What to produce: Copy the data precisely, character for character, and leave out every picture.

=== Task input ===

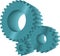 Turquoise gears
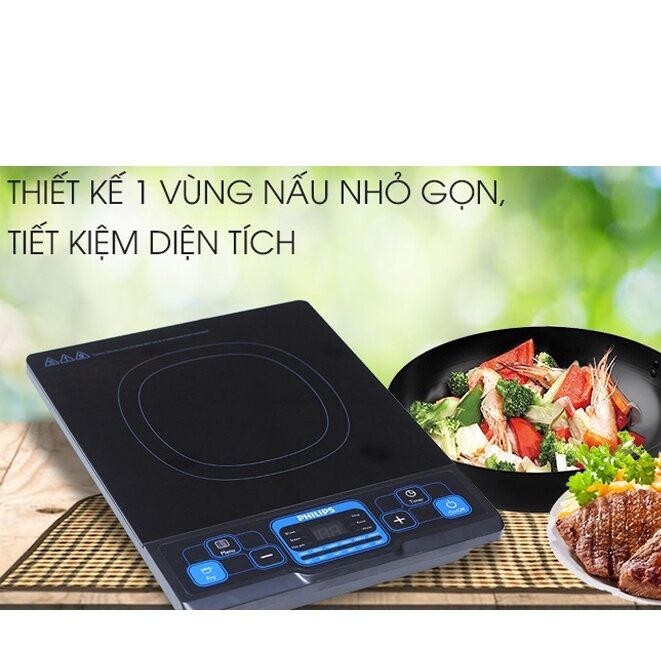 Bếp từ philips hd4921 - hàng chính hãng mới 100%, bảo hành 12 tháng
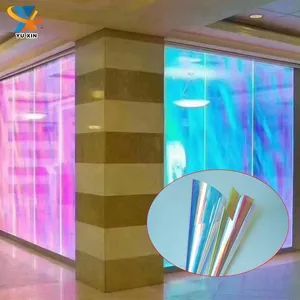 Chameleon Decoration Film Tinted Glass Rainbow Laser Chrome Building Window Film Decorative Dichroic Tint Window Film - Guangzhou Yuxin Film Technology Co., Ltd. - China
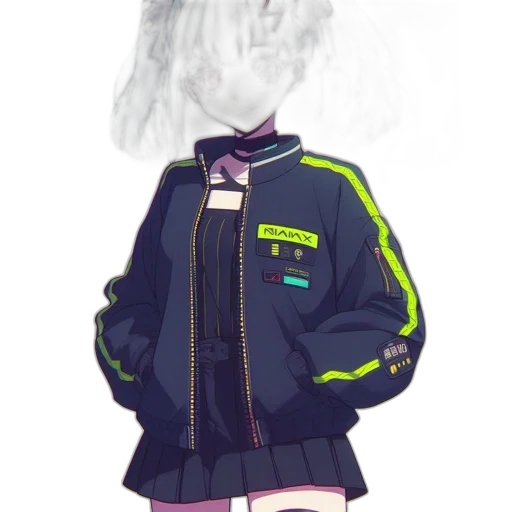 jacket, mask, staff, face transparent PNG cut-out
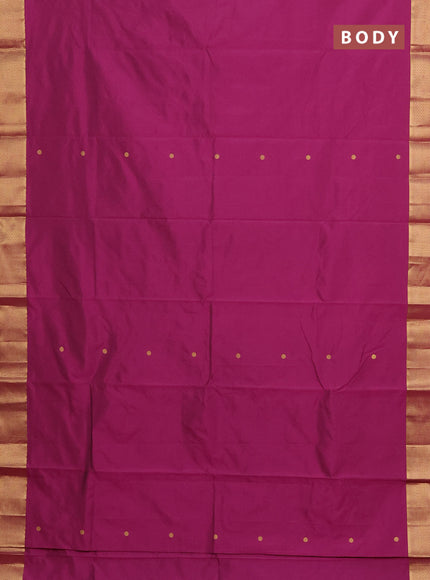 Arani semi silk saree purple with zari woven buttas and zari woven border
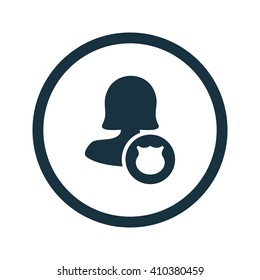Female protect user icon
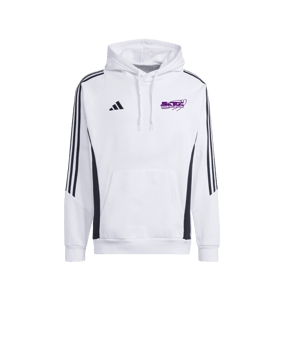 Sweat à capuche adidas Tiro 24 blanc noir 
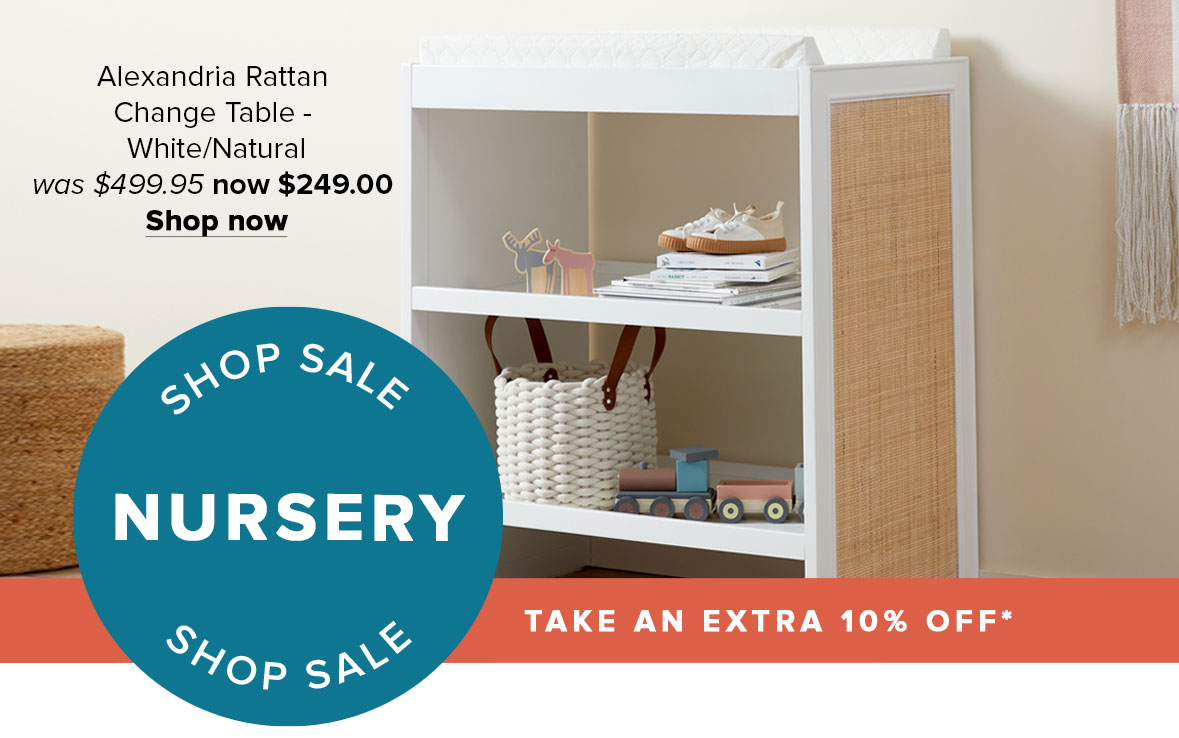 Alexandria Rattan Change Table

===

Finished task:
 Turquoise gears
 Bếp từ philips hd4921 - hàng chính hãng mới 100%, bảo hành 12 tháng
 Chameleon Decoration Film Tinted Glass Rainbow Laser Chrome Building Window Film Decorative Dichroic Tint Window Film - Guangzhou Yuxin Film Technology Co., Ltd. - China
 jacket, mask, staff, face transparent PNG cut-out
 Arani semi silk saree purple with zari woven buttas and zari woven border
Female protect user icon
 Sweat à capuche adidas Tiro 24 blanc noir 
 Alexandria Rattan Change Table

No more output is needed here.